Positive unlabeled (PU) learning is a semi-supervised binary classification setting when no labeled negative example is available to learn a classifier. This means that the dataset is composed of a set of labeled positive examples and an usually much larger set of unlabeled examples containing both positives and negatives. Despite the absence of labeled negatives, a special loss function exists to learn from PU data.

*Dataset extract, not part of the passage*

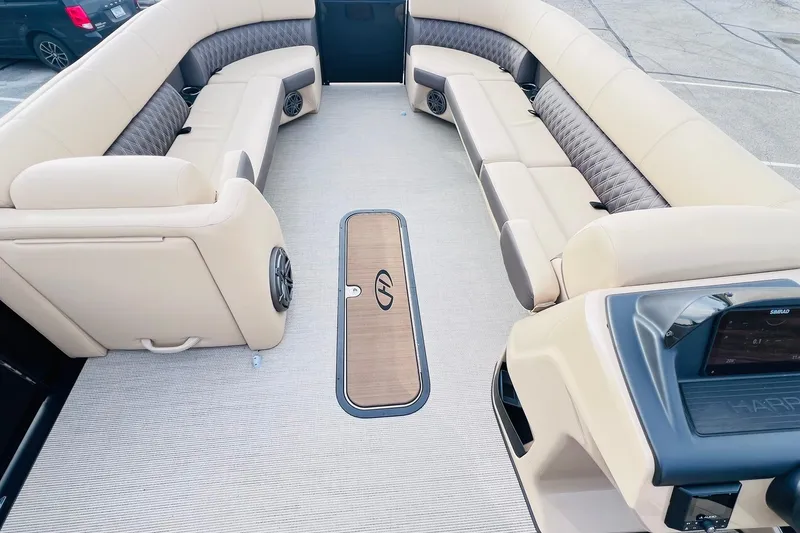 Slide: The Image of 2024 Harris Sunliner 250 interior with beige seating and modern dashboard. - 30
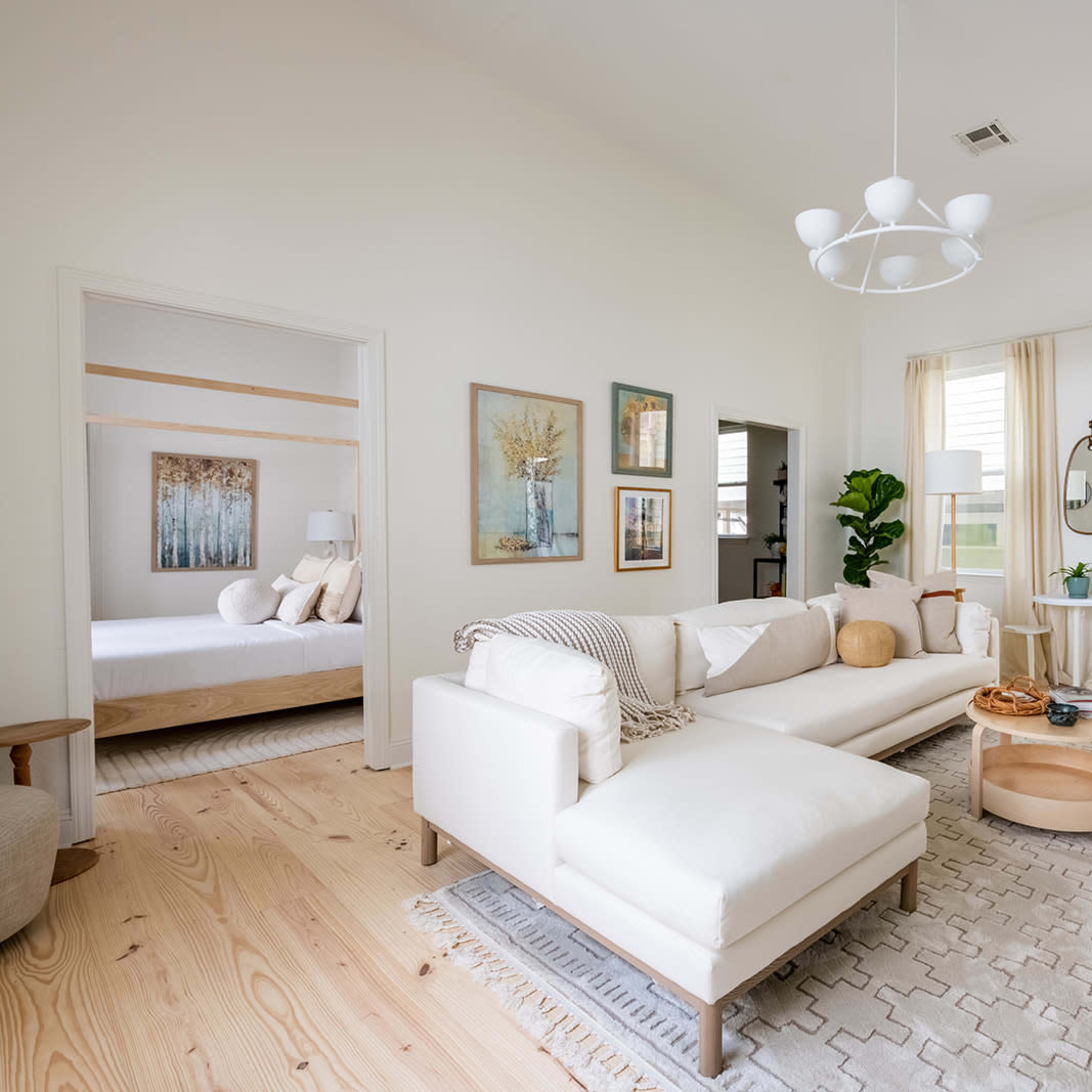 A spacious living room with a light color palette, featuring a white sectional sofa, a round coffee table, and large windows with sheer curtains.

In this post I will follow the derivation from du Plessis et al. (2014).1

The basics of statistical learning theory

This section introduces basic definitions needed below. If you know machine learning you also know all this. Statistical learning theory is concerned with finding under which conditions and how well it is possible to learn from data. I will denote the data with $\mathcal{D}$, using $\mathcal{X}$ and $\mathcal{Y}$ for the input and output spaces respectively, and, since we are in a binary classification setting, $\mathcal{Y}={ -1,1 }$. A generic classifier $f:\mathcal{X}\rightarrow\mathcal{Y}$ gives a prediction for an input in $\mathcal{X}$.

We now consider a generic loss function $\ell:\mathcal{Y}\times\mathcal{Y} \rightarrow\mathbb{R}$ that indicates how good the predictions are, and define the risk of $f$ as the expected loss over the data:

\[R_\ell(f)=\mathbb{E}_{\mathcal{D}}[\ell(f(x), y)]\]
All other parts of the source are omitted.